Photo by rodiahaljufri.wordpress.com
Ribuan bintang malam melintang di angkasa, tatkala hati mengiba kepada-Nya akan keramahan jiwa manusia. Pun hati tak sempat memainkan logika jika terlalu kecewa, hanya pasrah menerima ruh berkelana alam semesta mencari ketenangan batin. Mengapa terlalu berlebih memikirkan abstraksi benda hidup padahal lebih menyenangkan bercanda dengan Pemilik Hidup?

Hidup itu sebuah pilihan, ibarat saklar lampu yang memiliki dua kutub, berhenti atau melanjutkan aliran keinginan dalam dimensi elektromagnetik pikiran. Ah, konsep flowchart kehidupan yang aku rumuskan tak serumit masalah hati. Meminta atau diminta itu hanya ocehan omong kosong makhluk fana yang menghuni dunia nan gemerlap. Multiverse kontradiksi dari alam pasti menyadarkanku akan kelalaian tujuan lahir dalam sebuah sistem.
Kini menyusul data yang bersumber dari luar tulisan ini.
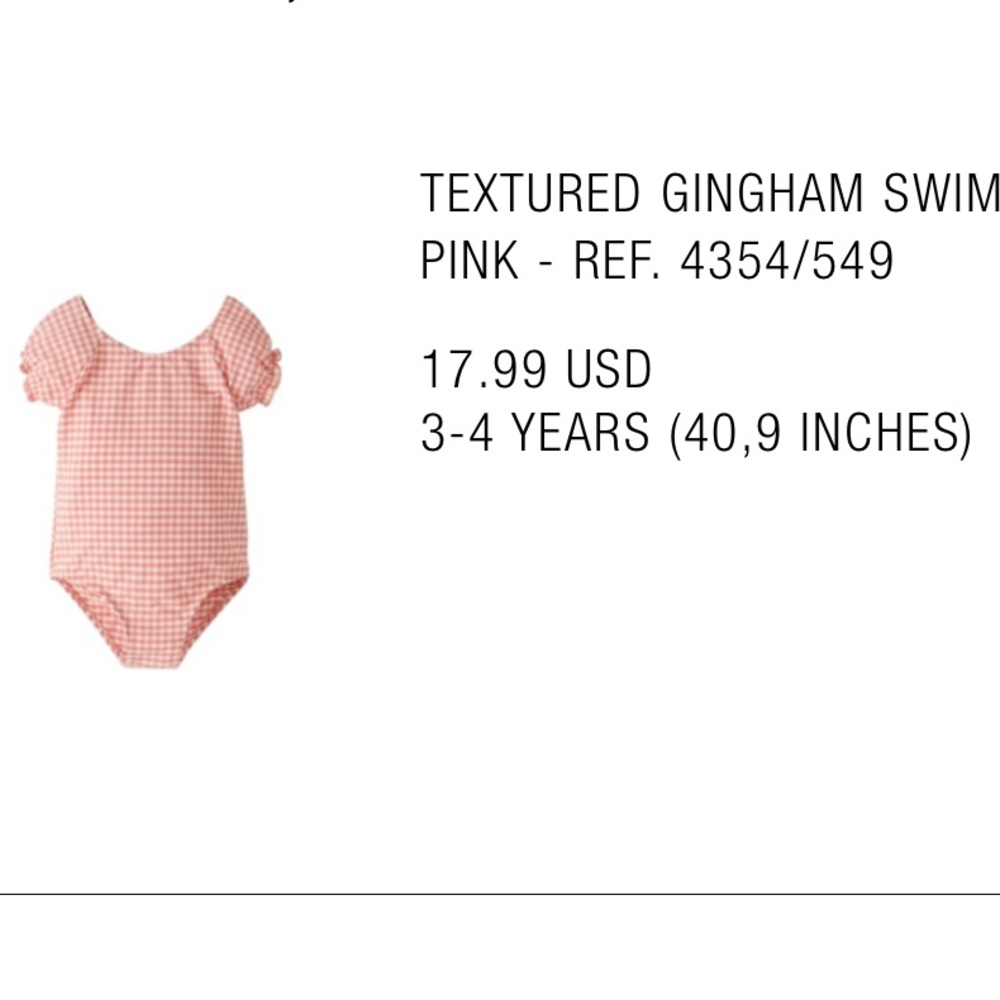 Zara 3T pink gingham textured swimsuit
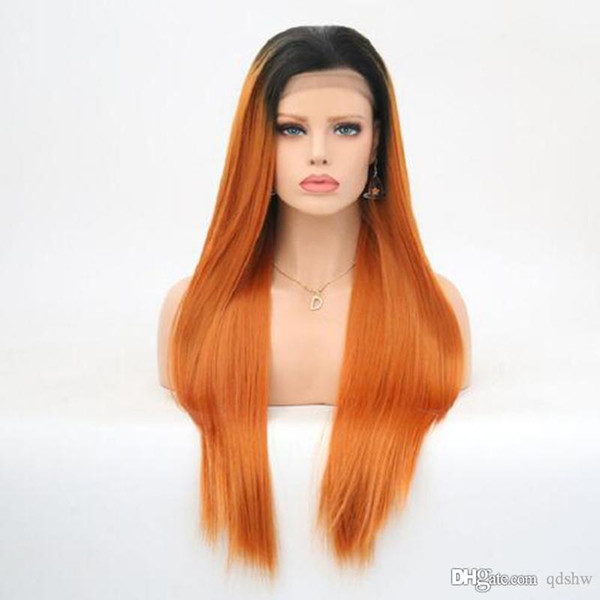 Ombre Orange Synthetic Lace Front Wigs Pre Plucked Long Straight Hair Glueless For Women Natural Hairline With Baby Hair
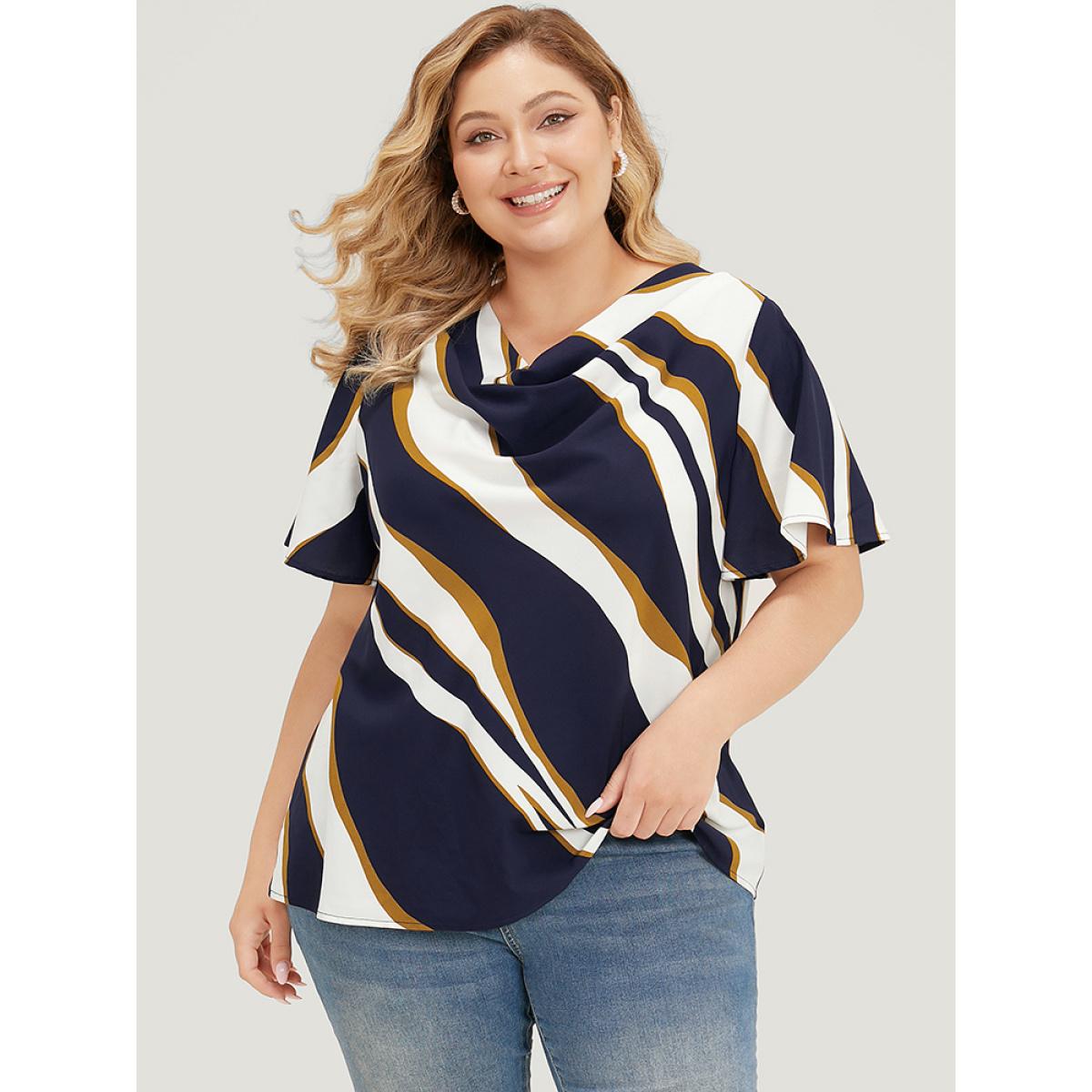 Plus Size Multicolor Geometric Contrast Cowl Neck Ruffle Sleeve Blouse Women Office Short sleeve Cowl Neck Work Blouses BloomChic 30/6X Product Image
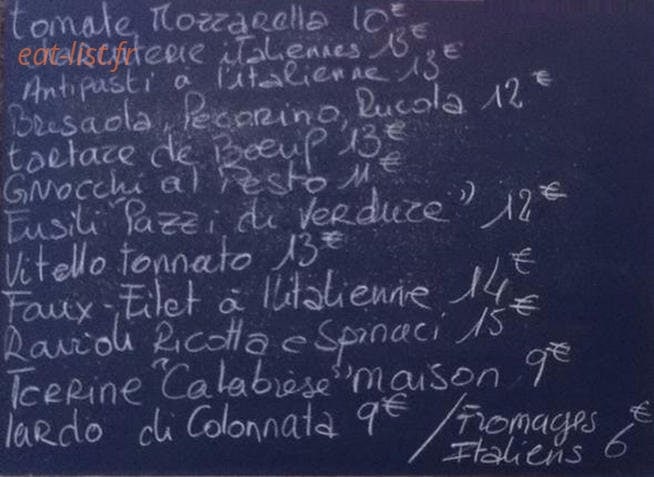 La Trattoria — carte page 1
Entahlah, harus berapa kali kegilaan ini melewati bilik diagonal kepalsuan. Rasa dari penantian berujung pada umpatan kecil penuh amarah. Hati ini mengumpat dan marah pada logika pikiran yang terlena terperosok jurang penuh senyuman manis. Papan nan indah itu menjadi saksi kewarasanku dalam ruang pendek ambisi.

Positif dan negatif pun jika bertemu bisa melahirkan power yang tak tergambarkan. Penyangkalan kekalahan tak perlu didebat dengan keseriusan. Terima dan lewati penuh dengan hikmah menjadi tolok ukur keunikan pemikiran hati yang abstrak. Sang Penguasa Hati telah memberikan candu membosankan yang tak pernah bisa digantikan dengan universe.

Rasa itu nyata
Kenyataan dunia ini fana
Lalu bagaimana engkau berfikir
Kau bermimpi bahwa semua ini ada

Berfikirlah hati
Tanpa batas menembus ruang waktu
Bergandengan dengan frekuensi alam
Menuju multiverse kontradiksi

Bersabarlah jiwa
Nikmati saja bius bersama-Nya
Pelukan tirta memang terasa beku
Namun hangat menusuk raga

Rasa lapar menginginkan semua makanan masuk ke dalam raga, sepiring kurang, dua piring terlalu berlebih. Haus hati akan kasih sering membutakan, jatuh barulah bisa tersenyum mengiba kepada-Nya.